2.a. A Secretariat shall be set up with a view to the preparation of the issues and the implementation of the resolutions of the Assembly. The Secretariat shall be composed of seven (7) members. Its members shall be elected by the Assembly.
b. The seat of the Secretariat shall be in Athens. The Secretariat shall be convoked three times a year and extraordinarily in case it is deemed necessary by the Secretary-General.
c. The Secretariat members’ term of office, as well as this of the President of the Assemble shall be for two years
d. Russia and Greece shall be permanent members of the Secretariat.
e. The General Secretary shall direct the works of the Secretariat. He shall be a member of its 7 – member composition. As General Secretary shall be appointed the representative of Greece who shall organize the modus operandi of the Secretariat.
f. The Hellenic Parliament shall undertake the obligation, through its Parliamentary Committee on Religion and Orthodoxy, to provide the necessary support for the functioning of the Secretariat.

Article 6

The present Founding Act, which was adopted on 5 November 1994 by the participating states in the Founding Synod of the European Interparliamentary Assembly on Orthodoxy in Athens, was drawn up in the Greek, Russian, English and French languages; each text is equally authentic and shall be signed by the delegations.

Article 5, par. 1, sub-par. B, second phrase and Article 5, par. 2 sub-par. C have been thus formulated, following the amendments voted upon by the General Assembly, convoked in Sofia in 1996.

[Passed at the annual convention of E.I.A.O. held in Warsaw in June of 1998]

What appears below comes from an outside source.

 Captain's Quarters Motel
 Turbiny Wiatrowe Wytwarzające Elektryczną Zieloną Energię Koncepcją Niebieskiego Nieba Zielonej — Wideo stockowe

1. Based on the Founding Act of the European Interparliamentary Assembly on Orthodoxy, as adopted at the Founding General Assembly of Athens in 1993 and amended at the General Assembly of Sophia in 1996, members of the Assembly, participating with parliamentary delegations, are the countries mentioned below:
Albania, Armenia, Bulgaria, Georgia, New Yugoslavia, Greece, Estonia, Kazakhstan, Cyprus, Latvia, Belarus, Lithuania, Moldavia, Ukraine, Poland, Rumania, Russia, Slovakia, Chechia, and Finland, i.e. 20 countries.
2. Observers, in the sense of article 2, par. c. of the Founding Act or for whatever other reason the General Assembly resolved, may be parliamentary delegations from other European states or likewise from other states of other continents, which spiritually belong to the Ecumenical and the other initially established Patriarchates. The members of parliamentary delegations of countries participating as observers in the Assembly, hold solely the right of speech, are not eligible for Secretaryship, while they are eligible for members of the committee or participation in working groups.
3. The way of appointment and the number of members of parliament participating in each delegation is stipulated in article 2 of the Founding Act the General Assembly (G.A.), following a proposal made by the Secretariat, brings paragraph b of article 2 of the Assembly’s Founding Act into effect.
4. The General Assembly, following a proposal made by the Secretariat, increases the number of the E.I.A.O. members and of the observers.
5. The term of office as members of delegations coincides with the term of office as members of the national parliament in which one belongs. Participation of members in the delegation is confirmed by the President of the national parliament in each annual General Assembly.
6. The E.I.A.O. delegation members must be members of their national Parliaments. In case a delegation member ceases being a member of his national Parliament, he then, likewise, ceases being member of his delegation, while the parliament in which he belongs appoints a new member instead.
7. In case a member is for whatever reason in no position to participate in the E.I.A.O. events the President of the national parliament may appoint a temporary substitute for a certain event or time period. In such cases, the substitute bears all the rights of the member he is substituting for.


1. These are the Plenary Session of Parliamentary Delegations (General Assembly) and the Secretariat.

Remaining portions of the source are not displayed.